Our noses may be no great shakes compared to, say, that of the average poodle, but scent is still a powerful means of non-verbal communication for humans, even if we don’t rub our noses against everyone we meet, like our canine friends.
The use of scents to make ourselves smell better goes back to ancient times, when sweet smells were thought to be pleasing to the gods. The very word “perfume” comes from the Latin “per fumum,” which means “through smoke,” a reference to the use of incense in worship.
The first modern perfume, scented oils blended with an alcohol solution, was created in 1370 at the command of Queen Elizabeth of Hungary. Over the next few centuries perfumes proliferated, coming on strong in Renaissance Italy (partly due to the need to cover up bad smells in that age of limited bathing), and then making their way to France, which became the world center of perfumery.
The people who create perfumes are called “noses.” A nose must be able, not only to smell well, but to remember more than 2,000 different scents, from which he or she draws the elements to create a new perfume to match the “brief,” or specifications, of a client. (Which can be difficult: one brief called for a perfume that “should smell like the inside of my Grandmother’s closet,” while another demanded the “metallic, leathery smell of a couple who had made love in a Ferrari car.”)
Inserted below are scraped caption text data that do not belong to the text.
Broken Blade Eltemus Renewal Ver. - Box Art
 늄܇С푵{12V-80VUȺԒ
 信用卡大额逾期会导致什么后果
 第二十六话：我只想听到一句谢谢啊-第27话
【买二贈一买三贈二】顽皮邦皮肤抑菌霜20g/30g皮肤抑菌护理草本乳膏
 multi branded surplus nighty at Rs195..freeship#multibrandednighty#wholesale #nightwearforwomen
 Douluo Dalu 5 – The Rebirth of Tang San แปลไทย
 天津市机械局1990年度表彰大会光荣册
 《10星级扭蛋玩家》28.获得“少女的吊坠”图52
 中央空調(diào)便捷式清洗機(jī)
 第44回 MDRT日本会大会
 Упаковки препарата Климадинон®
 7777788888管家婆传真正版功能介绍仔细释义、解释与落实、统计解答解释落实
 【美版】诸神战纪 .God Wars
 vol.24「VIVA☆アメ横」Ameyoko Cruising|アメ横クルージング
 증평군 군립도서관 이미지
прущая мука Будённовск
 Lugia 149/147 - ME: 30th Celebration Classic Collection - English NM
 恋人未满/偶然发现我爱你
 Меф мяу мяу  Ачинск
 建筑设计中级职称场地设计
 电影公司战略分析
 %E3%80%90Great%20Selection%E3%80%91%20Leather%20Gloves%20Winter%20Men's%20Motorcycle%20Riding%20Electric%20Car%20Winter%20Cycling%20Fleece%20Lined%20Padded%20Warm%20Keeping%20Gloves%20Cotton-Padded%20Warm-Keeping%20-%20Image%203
The scents used in perfumes come from a huge number of sources–and with around 50 new perfumes being launched every year, the search for new sources of scents has taken on epic proportions: employees of perfumeries scour the globe for new smells, usually from plants, although just about anything is fair game. If the plant can’t be harvested, the scent can still be captured using a technology called “headspace,” a machine that sucks up the scent through a funnel, then breaks the smell down on a molecular level and stores it in the computer for later synthesis.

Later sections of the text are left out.